Inform your guests on how to reach you
Most guests are going to have a question or two after they have set up, so let them know how to reach out to you. For example, after we show them their site I always leave them alone to set up, but I tell them to please text or call if they have any questions. I personally prefer that to a knock on the door at 8:00 p.m.
Feel out your guests
Try to feel your guests out a bit when they arrive. Some guests are simply dead tired, and they want to set up and crash. Others might want to get together around a campfire. I had a guest once tell me, “I’ve got to study tonight, and my wife is going to be homeschooling our son.” It was clear that he wanted just a place to crash. Others have asked if it might be possible to get together later after they have set up. I don’t think we have ever turned down a get-together request. But, just try to feel guests out before inviting them up to the house.

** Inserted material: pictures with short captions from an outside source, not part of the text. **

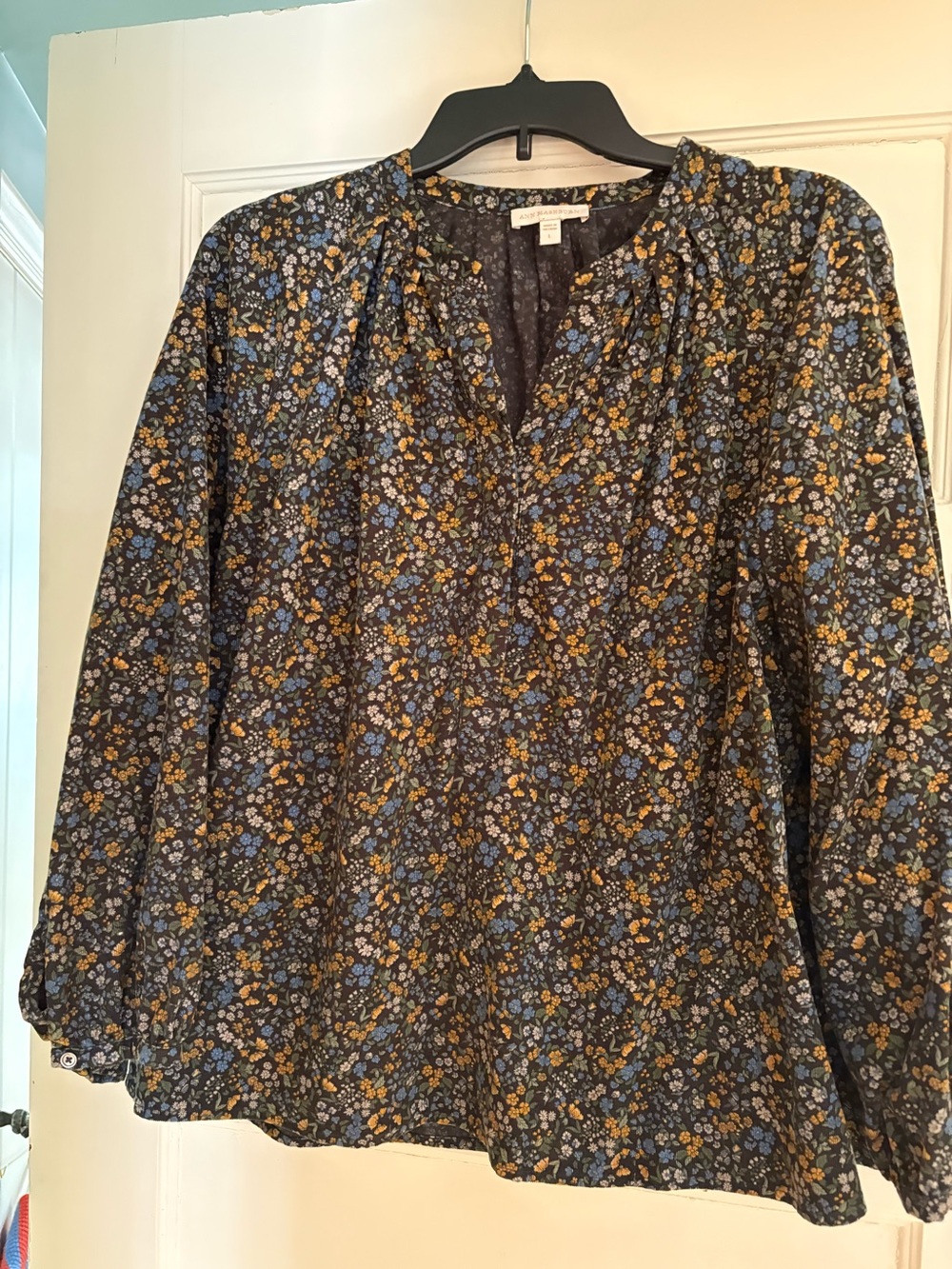 Ann Mashburn black floral corduroy blouse L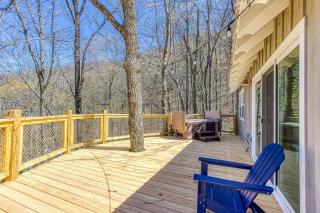 Chasing Fireflies Treehouse, 1089 of FREE Attraction tickets for each paid day, Dollywood and More! - Sevierville - 9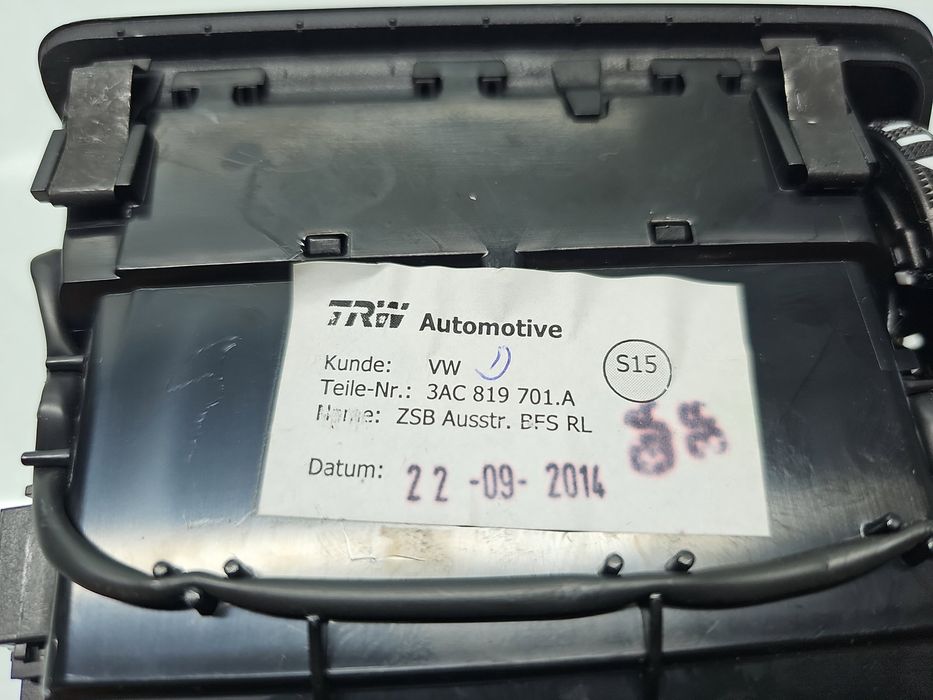 Grila aerisire stanga Volkswagen Passat CC (358) [Fabr 2012-2016] 3AC8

We have never had a bad BW guest experience. But, if I did I would be reluctant to leave a negative review. If you have a new BW guest and they are a bit off-base on something, I would most likely send them a private note rather than leave a negative review. Consider it a teaching moment. I have suggested to new BW members to beef up their web site to give a host more information to make an informed decision on accepting their stay request. (Editor's note: If you ever have a stay that really went off the rails but are uncomfortable leaving a negative review, please use the private feedback button and at least let the administrators know about the issue. If we get multiple complaints about the same guest or host, we will revoke privileges and remove their listing without hesitation.)
Be sure to leave prompt feedback, as this is the best way a future host can evaluate a guest request.
I hope some will find this information useful. The last and more important rule is, of course, Have Fun with your fellow Boondockers.